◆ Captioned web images
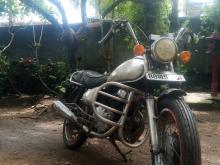 Honda CM 125 1984 Motorbike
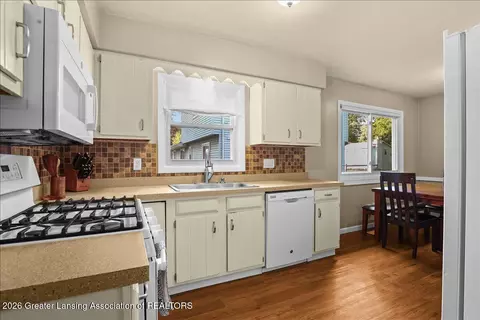 Kitchen - 4264 Kim Rye Ln, Holt, MI 48842 photo 2 of 2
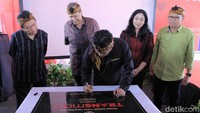 Bupati Bandung Dadang M Nasser disaksikan Chairul Tanjung menandatangani prasasti peresmian Transmart Soreang.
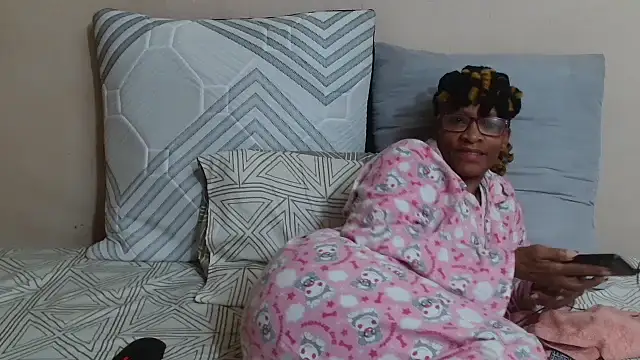 Snapshot of SugarPoppy24xxx chatting on 09-27-25, 03:06 SugarPoppy24xxx online show from 09-27-25, 03:06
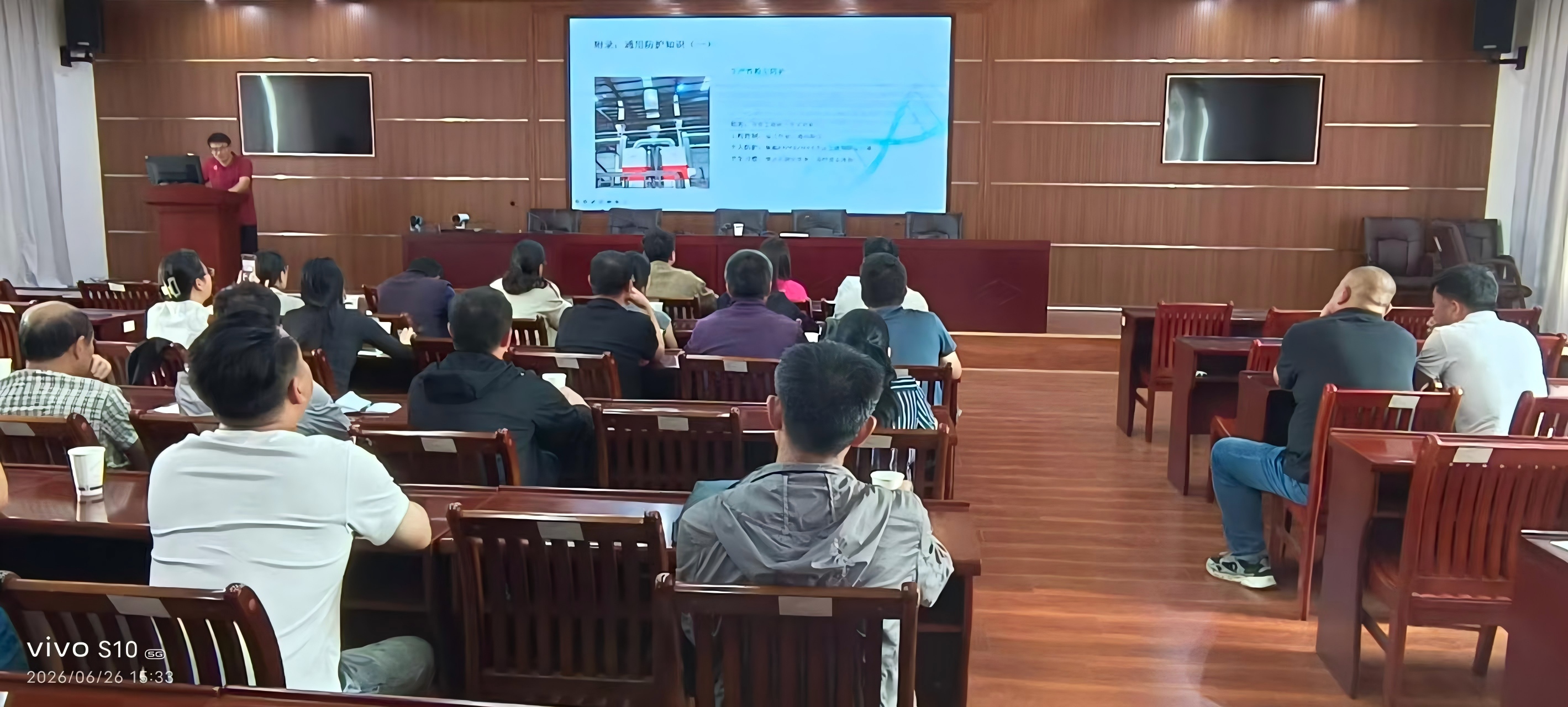 筑牢职业健康防线 守护劳动者健康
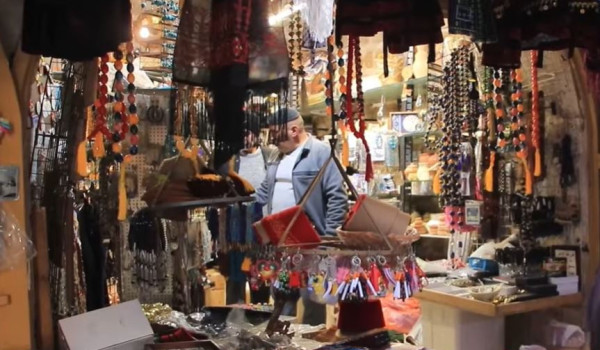 تقرير فيديو : تجار البلدة القديمة في الخ...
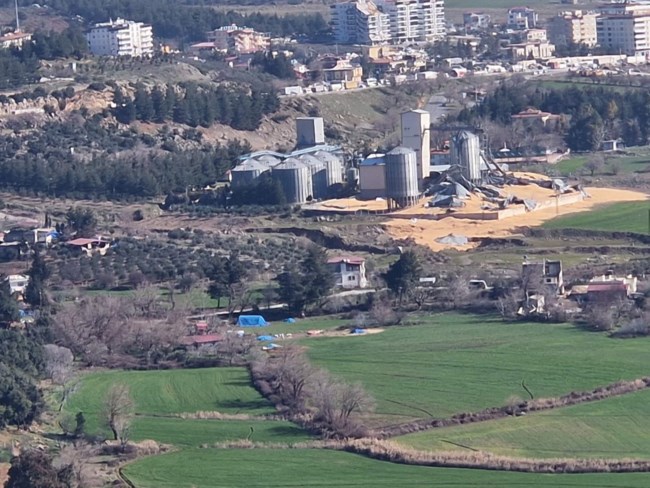 Σεισμός στην Τουρκία: Ο Λέκκας εντόπισε το ρήγμα σε μήκος εκατοντάδων μέτρων στην επιφάνεια του εδάφους [Εικόνες]
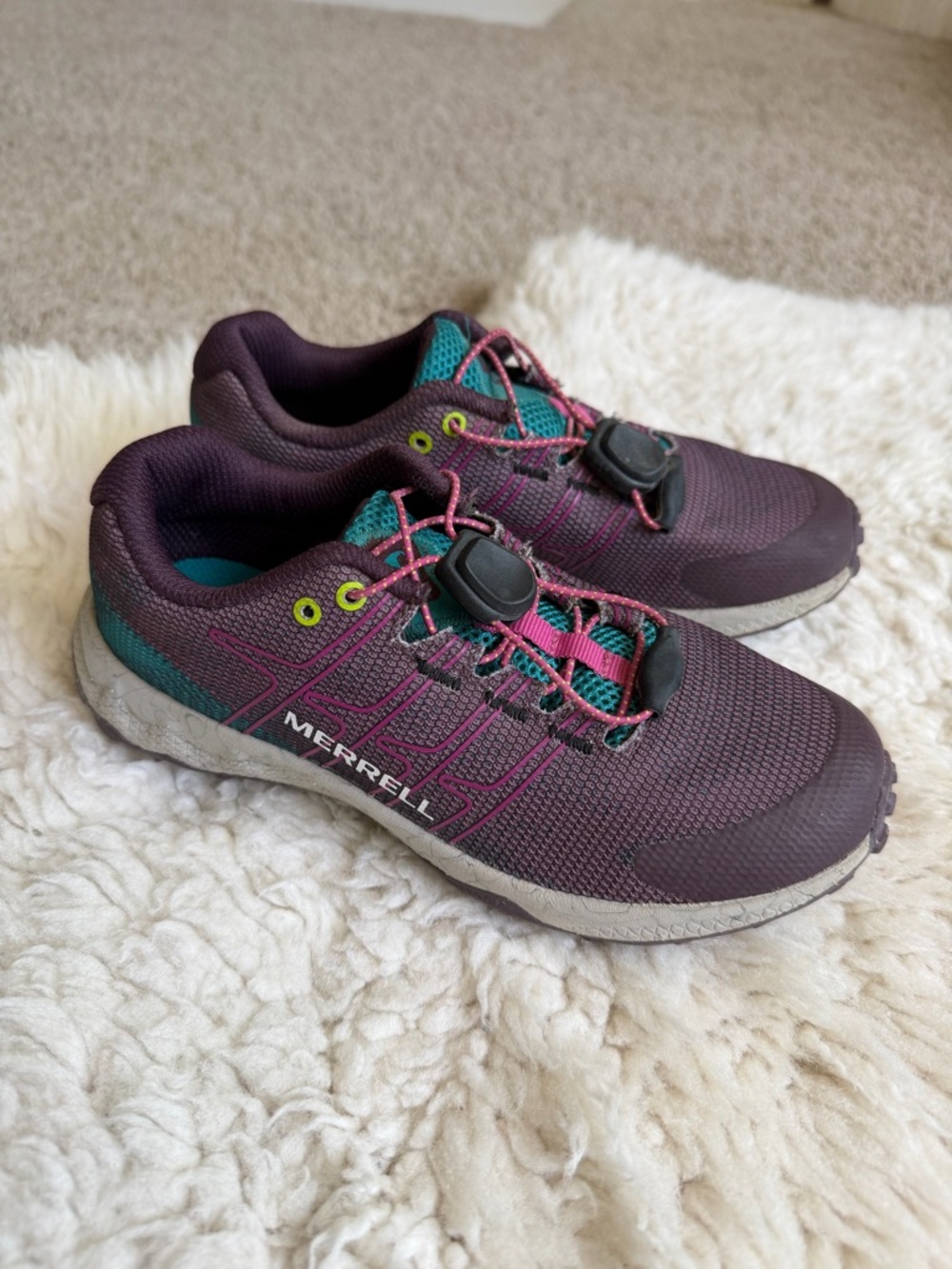 Merrell Moab Flight Low A/C Plum and Teal Quick-Lace Trail Sneaker Shoes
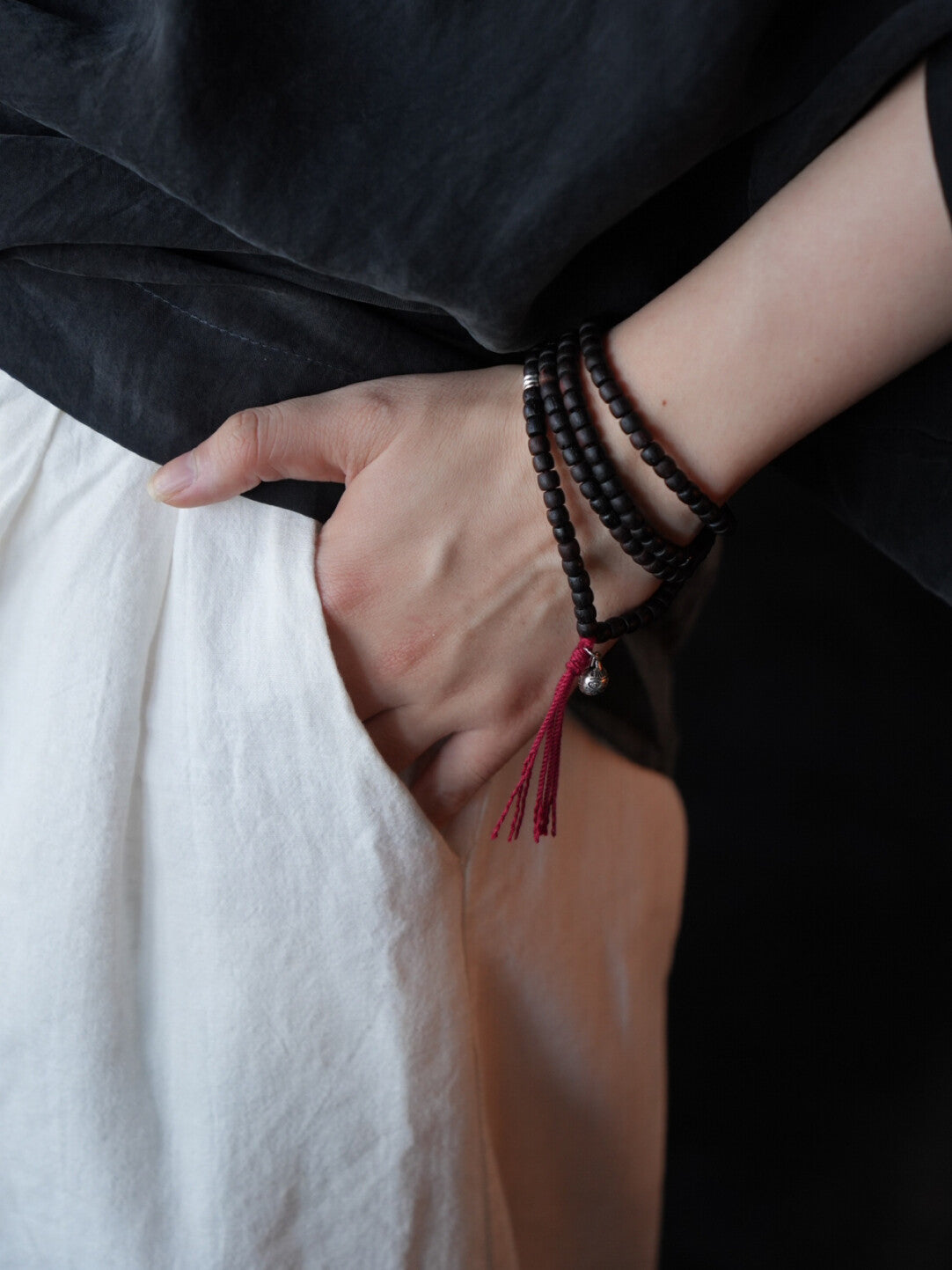 Silver Agarwood Beaded Bracelet,Lumivault.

◆ Task item
An exact copy of the lines above, from the first through the line that holds "Bupati Bandung Dadang", is what is needed; leave the pictures out.

◆ Answer space
 Honda CM 125 1984 Motorbike
 Kitchen - 4264 Kim Rye Ln, Holt, MI 48842 photo 2 of 2
 Bupati Bandung Dadang M Nasser disaksikan Chairul Tanjung menandatangani prasasti peresmian Transmart Soreang.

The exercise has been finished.